Aim of the task:
Beginning with the first line, transcribe the entries below exactly through the line containing "Casa com 3 dormitórios", inclusive.
BEGIN Records for processing
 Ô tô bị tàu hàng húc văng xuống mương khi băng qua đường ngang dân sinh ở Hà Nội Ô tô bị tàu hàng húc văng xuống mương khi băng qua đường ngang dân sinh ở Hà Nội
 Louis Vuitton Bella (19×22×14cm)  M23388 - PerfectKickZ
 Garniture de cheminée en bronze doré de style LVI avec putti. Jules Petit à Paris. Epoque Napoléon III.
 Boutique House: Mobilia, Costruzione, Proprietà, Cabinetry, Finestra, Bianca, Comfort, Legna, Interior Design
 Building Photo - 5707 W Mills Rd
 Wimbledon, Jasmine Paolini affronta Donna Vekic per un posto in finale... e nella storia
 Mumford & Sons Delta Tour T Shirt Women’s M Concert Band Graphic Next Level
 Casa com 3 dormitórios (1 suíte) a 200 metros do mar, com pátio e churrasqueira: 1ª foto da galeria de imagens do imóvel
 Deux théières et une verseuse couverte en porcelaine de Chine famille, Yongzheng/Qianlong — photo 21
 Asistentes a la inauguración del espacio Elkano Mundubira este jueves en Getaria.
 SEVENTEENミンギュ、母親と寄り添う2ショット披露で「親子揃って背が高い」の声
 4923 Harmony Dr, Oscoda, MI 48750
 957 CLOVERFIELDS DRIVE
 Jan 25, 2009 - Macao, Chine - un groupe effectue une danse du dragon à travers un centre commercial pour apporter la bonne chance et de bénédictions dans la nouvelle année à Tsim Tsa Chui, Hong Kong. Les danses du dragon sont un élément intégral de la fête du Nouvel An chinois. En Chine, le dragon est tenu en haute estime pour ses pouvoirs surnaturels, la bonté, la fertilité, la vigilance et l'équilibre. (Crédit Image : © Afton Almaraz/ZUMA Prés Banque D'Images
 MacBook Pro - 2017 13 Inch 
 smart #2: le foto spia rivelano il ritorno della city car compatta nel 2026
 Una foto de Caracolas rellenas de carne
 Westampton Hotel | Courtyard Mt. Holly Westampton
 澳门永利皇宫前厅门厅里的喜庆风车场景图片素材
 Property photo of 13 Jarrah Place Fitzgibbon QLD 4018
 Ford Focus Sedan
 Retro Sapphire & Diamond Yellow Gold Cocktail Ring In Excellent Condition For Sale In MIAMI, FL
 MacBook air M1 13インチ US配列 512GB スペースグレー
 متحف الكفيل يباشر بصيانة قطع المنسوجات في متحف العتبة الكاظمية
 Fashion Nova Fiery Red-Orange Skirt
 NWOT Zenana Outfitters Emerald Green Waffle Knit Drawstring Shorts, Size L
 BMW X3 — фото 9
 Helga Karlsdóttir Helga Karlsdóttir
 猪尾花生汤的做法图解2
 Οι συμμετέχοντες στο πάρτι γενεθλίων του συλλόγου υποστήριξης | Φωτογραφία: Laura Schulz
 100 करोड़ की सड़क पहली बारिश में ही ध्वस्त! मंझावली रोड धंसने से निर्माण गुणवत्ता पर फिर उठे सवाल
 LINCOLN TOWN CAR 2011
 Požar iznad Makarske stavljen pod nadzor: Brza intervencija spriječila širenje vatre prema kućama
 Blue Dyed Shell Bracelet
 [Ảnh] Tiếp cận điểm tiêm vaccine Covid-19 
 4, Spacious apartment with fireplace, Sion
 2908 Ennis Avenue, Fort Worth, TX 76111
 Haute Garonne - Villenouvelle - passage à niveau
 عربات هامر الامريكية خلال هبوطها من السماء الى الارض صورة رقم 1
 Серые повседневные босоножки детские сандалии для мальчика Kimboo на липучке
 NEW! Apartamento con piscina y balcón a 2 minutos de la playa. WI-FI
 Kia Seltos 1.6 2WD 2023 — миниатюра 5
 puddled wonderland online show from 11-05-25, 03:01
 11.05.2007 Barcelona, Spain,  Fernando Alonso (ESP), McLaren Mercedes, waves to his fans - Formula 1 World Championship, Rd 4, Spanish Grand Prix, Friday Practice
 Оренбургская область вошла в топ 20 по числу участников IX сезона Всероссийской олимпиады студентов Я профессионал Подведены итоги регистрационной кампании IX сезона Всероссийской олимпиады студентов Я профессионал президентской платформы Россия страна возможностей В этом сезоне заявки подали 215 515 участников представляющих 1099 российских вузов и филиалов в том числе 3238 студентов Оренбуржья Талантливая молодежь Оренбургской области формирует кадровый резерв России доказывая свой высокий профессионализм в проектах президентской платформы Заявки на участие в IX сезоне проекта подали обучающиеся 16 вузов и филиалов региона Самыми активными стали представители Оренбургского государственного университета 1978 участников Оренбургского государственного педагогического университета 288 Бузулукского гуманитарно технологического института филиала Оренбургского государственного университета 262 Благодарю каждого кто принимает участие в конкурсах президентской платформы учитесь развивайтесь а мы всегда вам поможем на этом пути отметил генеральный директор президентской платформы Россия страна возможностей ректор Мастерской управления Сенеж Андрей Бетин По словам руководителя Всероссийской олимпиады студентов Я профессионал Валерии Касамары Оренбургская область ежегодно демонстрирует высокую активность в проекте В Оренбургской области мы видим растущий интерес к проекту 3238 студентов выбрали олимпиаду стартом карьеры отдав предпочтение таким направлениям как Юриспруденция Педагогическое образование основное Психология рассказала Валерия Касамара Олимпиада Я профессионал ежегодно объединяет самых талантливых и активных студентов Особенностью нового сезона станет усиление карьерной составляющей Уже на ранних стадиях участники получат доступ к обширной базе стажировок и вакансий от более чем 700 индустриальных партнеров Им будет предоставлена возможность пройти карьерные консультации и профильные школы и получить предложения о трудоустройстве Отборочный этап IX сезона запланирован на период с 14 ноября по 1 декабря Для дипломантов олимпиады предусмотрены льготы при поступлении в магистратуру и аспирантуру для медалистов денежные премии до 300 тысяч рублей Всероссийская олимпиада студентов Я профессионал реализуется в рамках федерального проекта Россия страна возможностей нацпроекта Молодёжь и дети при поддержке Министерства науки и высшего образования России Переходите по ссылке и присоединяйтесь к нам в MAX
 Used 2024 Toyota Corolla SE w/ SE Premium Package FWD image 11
END Records for processing
Written answer:
 Ô tô bị tàu hàng húc văng xuống mương khi băng qua đường ngang dân sinh ở Hà Nội Ô tô bị tàu hàng húc văng xuống mương khi băng qua đường ngang dân sinh ở Hà Nội
 Louis Vuitton Bella (19×22×14cm)  M23388 - PerfectKickZ
 Garniture de cheminée en bronze doré de style LVI avec putti. Jules Petit à Paris. Epoque Napoléon III.
 Boutique House: Mobilia, Costruzione, Proprietà, Cabinetry, Finestra, Bianca, Comfort, Legna, Interior Design
 Building Photo - 5707 W Mills Rd
 Wimbledon, Jasmine Paolini affronta Donna Vekic per un posto in finale... e nella storia
 Mumford & Sons Delta Tour T Shirt Women’s M Concert Band Graphic Next Level
 Casa com 3 dormitórios (1 suíte) a 200 metros do mar, com pátio e churrasqueira: 1ª foto da galeria de imagens do imóvel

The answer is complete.